My third year in college I had a chance encounter with an artist at the checkout in Wal Mart, his name, oddly enough, was Art. He said to me, “Hey man, do you paint?” I said, “You mean walls or art?” He said art then I joked about his name. He suggested that I buy some of those cardboard canvases and try some things out. I like to think I have a quasi-abstract mind and that’s how I started painting. I bought a few brushes and oils and started experimenting with some techniques.  Soon after, I became pretty addicted to painting, probably spending $25 a week on art supplies. I began buying real canvases and tried my best to spend more time on them, but I found this pretty hard. I always wanted a finished product and never really spent more than 4-6 hours on a painting. I began accumulating so many canvases I started selling them on Ebay. They would usually go for around 25-75 dollars, so I thought I was doing ok. The people I lived with enjoyed my work and unknowingly pushed me to find my style.

Once I graduated I moved back home for the summer and didn’t paint once, I was creatively dry.

I moved to Orlando for my second degree and the drought continued for almost a year. My roommate was a pretty talented graphic artist and had a project in which he used one of the old practice canvases from my past. The art flame was once again relit, for a while. When he moved out my creativity was again lost, and in the last year I have only painted two times, one was given to a friend as a gift and the other was probably one of my best works.

Looking at this from the outside it is apparent to see that I need a cultivator to grow creatively, something I really haven’t had in my life. There is a difference between someone that tells you that you’re doing a good job and someone that convinces you to push further and feeds the drive. To grow creatively, I must somehow find someone who can push me and I now realize, that person is me.

Obviously, I wish to do more than just paint. Developing my writing and filming skills are also things very important to me.
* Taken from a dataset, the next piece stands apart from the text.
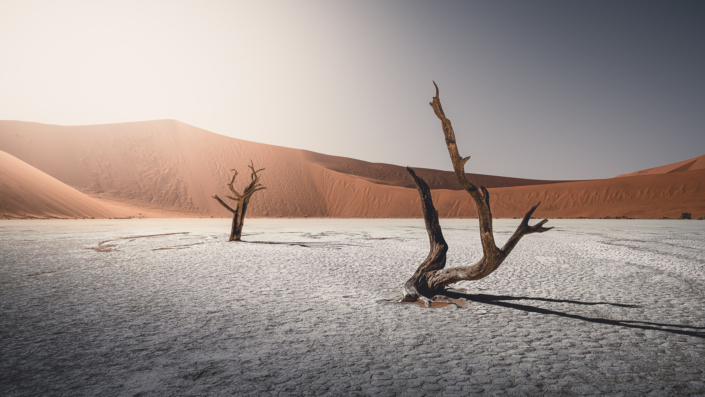 Deadvlei Namibia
I want to be known for my talents, not necessarily famous, but well respected in the creative community.

I find it interesting but understandable that some of the most creative people I know have often had a tumultuous upbringing. The struggle seems to be one of creativity’s best influences, something I have never really had to deal with, perhaps a blessing in disguise. I had a very smooth and “normal” upbringing while the most creative people I know had to deal with game changing issues like divorce or death in the immediate family. People in these situations have no choice but to be creative, an escape from their own hard reality. Since I always felt loved and never felt like I needed to escape from something quite so dramatic. It was unnecessary for me to create an alternate reality, whether it be via painting, shooting video, writing or something so simple as reading a book.

I like to read, but only in the past few years have I had an interest in fiction. That interest was brought on by my decision to take an advanced reading class in college. I originally took this class to help me in my script reading abilities, it turned out however, that this one semester would help push me to read and write fiction.
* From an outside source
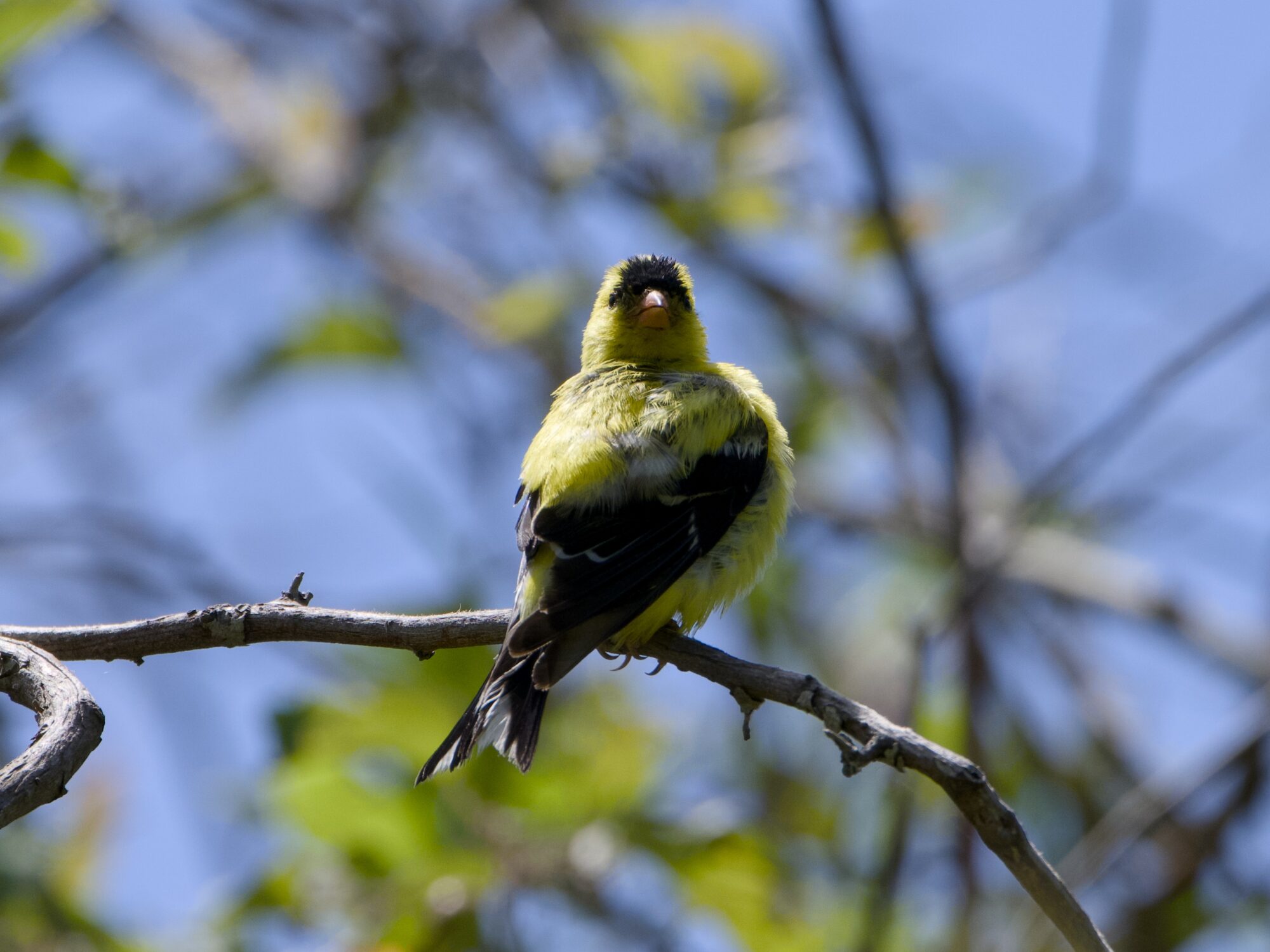 A male American Goldfinch is up in a tree, backlit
Since I’m not a tortured soul and rarely find it necessary to escape my own reality, the next best thing I can do is just keep working at it. Write something at least a little gripping every day. Paint more often. Go out of my way to be a visionary. Those who succeed in this regard have the drive. I too have the drive, it just sometimes needs a push start. I have faith in myself, my work and my ideals and will keep pushing fourth towards my goals for creativity and success, even if it takes my entire life……

*Above is a painting I did a few years ago.